As a Chinese speaker, I'd just want a simple option to disable slugs of posts. I don't want either transliteration or Unicode characters in the URLs. Personally I also prefer shorter URLs like example.com/d/12345 instead of example.com/d/12345-hello-world Having Unicode Chinese characters in the URL will make it horribly long and messy like https://zh.wikipedia.org/wiki/Portal:%E6%96%B0%E8%81%9E%E5%8B%95%E6%85%8B when you copy the URL from the address bar of the browser (e.g. Chrome). That is not human readable, so such slugs will be useless. I think disabling transliteration is much easier to implement and more useful to Chinese users.

dcsjapan commented 8 years ago

Safari and Firefox are able to copy the URL in human-readable format. When I open the URL you linked above and copy it from the Safari address bar, I get this:

https://zh.wikipedia.org/wiki/Portal:新聞動態

So this should probably be considered a deficiency of Chrome ... or of your OS, perhaps. That said, a third option to disable slugs altogether shouldn't be too hard to implement, and may be wanted by enough site admins that it would be worth adding.

believer-ufa commented 8 years ago

Hello guys :) You hear about PHP Intl Transliterator extension?

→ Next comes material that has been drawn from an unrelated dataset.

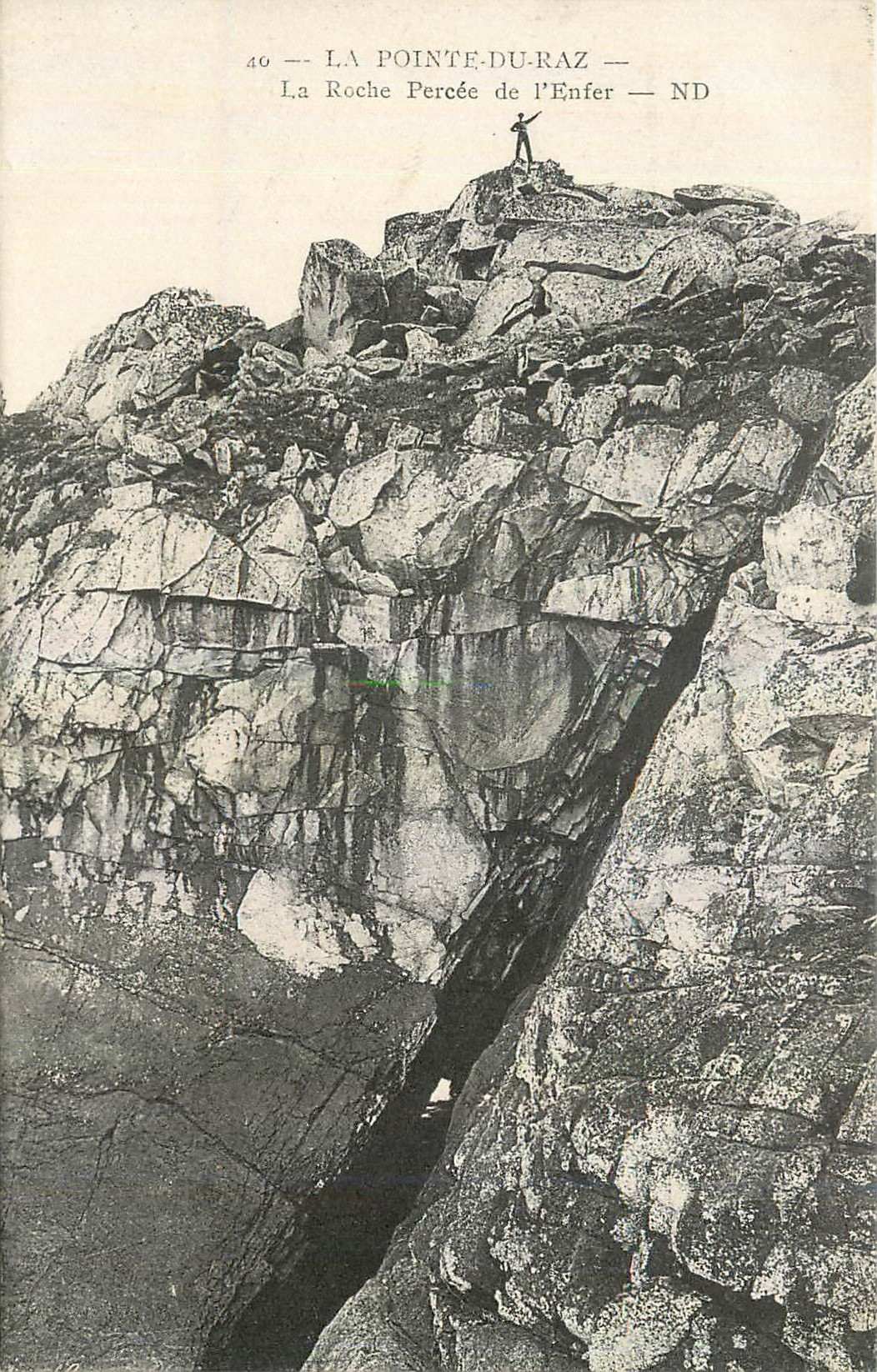 CPA La Pointe du Raz La Roche Percee de l'Enfer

For example, you can use this snippet of code for transliterate any strings to latin characters (even japanese characters, as I know)

<?php
$rules = 'Any-Latin; Latin-ASCII; [\u0080-\uffff] remove';

echo transliterator_transliterate($rules,'Какая-то строка, которая нуждается в транслитерации');
// Kakaa-to stroka, kotoraa nuzdaetsa v transliteracii

echo transliterator_transliterate($rules,'新聞動態');
// xin wen dong tai

echo transliterator_transliterate($rules,'რა კაი ფორუმი წამოვჭიმეთ');
// ra kai porumi tsamovchimet

You can find more info about this transliterator functions in sources of Yii 2 framework, for example.

believer-ufa commented 8 years ago

Also in page with description of Intl extension you can find message of one of php developers in which it is written one of possible solutions to transform string into the correct transliterated url:

<?php
function slugify($string) {
    $string = transliterator_transliterate("Any-Latin; NFD; [:Nonspacing Mark:] Remove; NFC; [:Punctuation:] Remove; Lower();", $string);
    $string = preg_replace('/[-\s]+/', '-', $string);
    return trim($string, '-');
}

echo slugify("Я люблю PHP!"); // a-lublu-php
echo slugify('რა კაი ფორუმი წამოვჭიმეთ'); // ra-kʼai-porumi-tsʼamovchʼimet
echo slugify('新聞動態'); // xin-wen-dong-tai
?>

I think, it need to test on some count of strings to choose the more correct method :)

franzliedke commented 8 years ago

@believer-ufa Thanks for pointing it out, we'll take a look.

However, since this requires the intl extension, we probably have to use another approach (library).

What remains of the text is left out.